## THE TASK
Only the pictures are to be omitted; everything else in the listing must be reproduced exactly.

## DATA SECTION
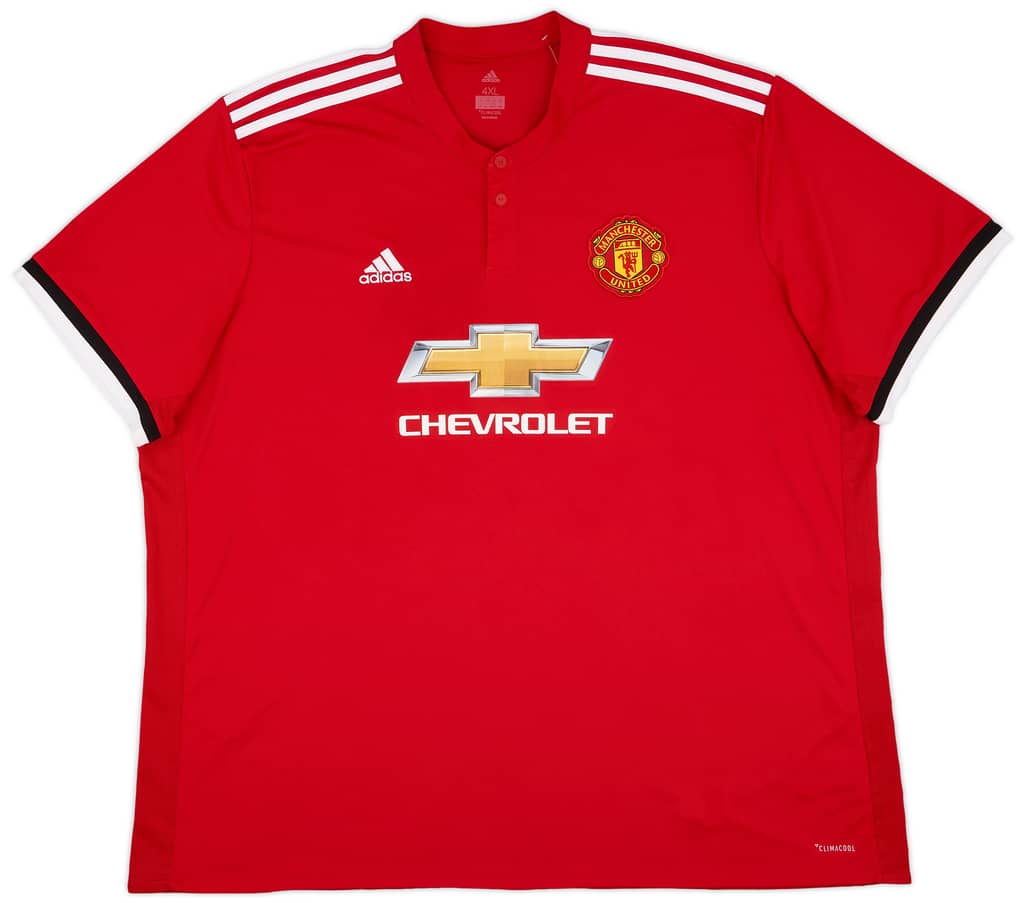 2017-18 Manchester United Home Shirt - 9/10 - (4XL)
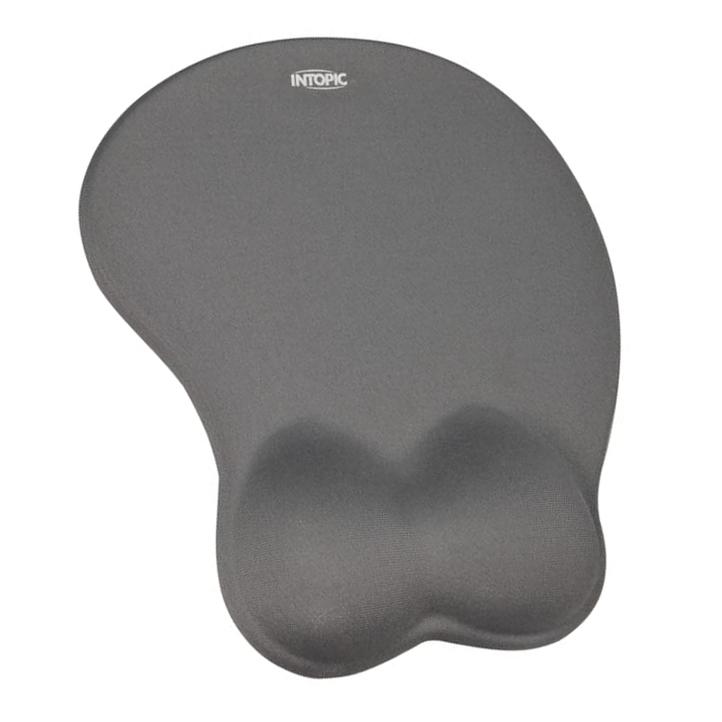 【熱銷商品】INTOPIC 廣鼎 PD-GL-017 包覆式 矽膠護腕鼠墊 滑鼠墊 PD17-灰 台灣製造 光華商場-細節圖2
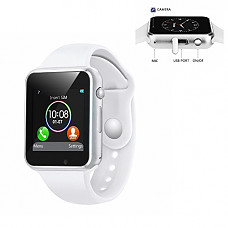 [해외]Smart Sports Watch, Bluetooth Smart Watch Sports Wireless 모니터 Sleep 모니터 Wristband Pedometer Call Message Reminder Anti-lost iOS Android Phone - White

## SOLUTION FOR THIS TASK
 2017-18 Manchester United Home Shirt - 9/10 - (4XL)
 【熱銷商品】INTOPIC 廣鼎 PD-GL-017 包覆式 矽膠護腕鼠墊 滑鼠墊 PD17-灰 台灣製造 光華商場-細節圖2
 [해외]Smart Sports Watch, Bluetooth Smart Watch Sports Wireless 모니터 Sleep 모니터 Wristband Pedometer Call Message Reminder Anti-lost iOS Android Phone - White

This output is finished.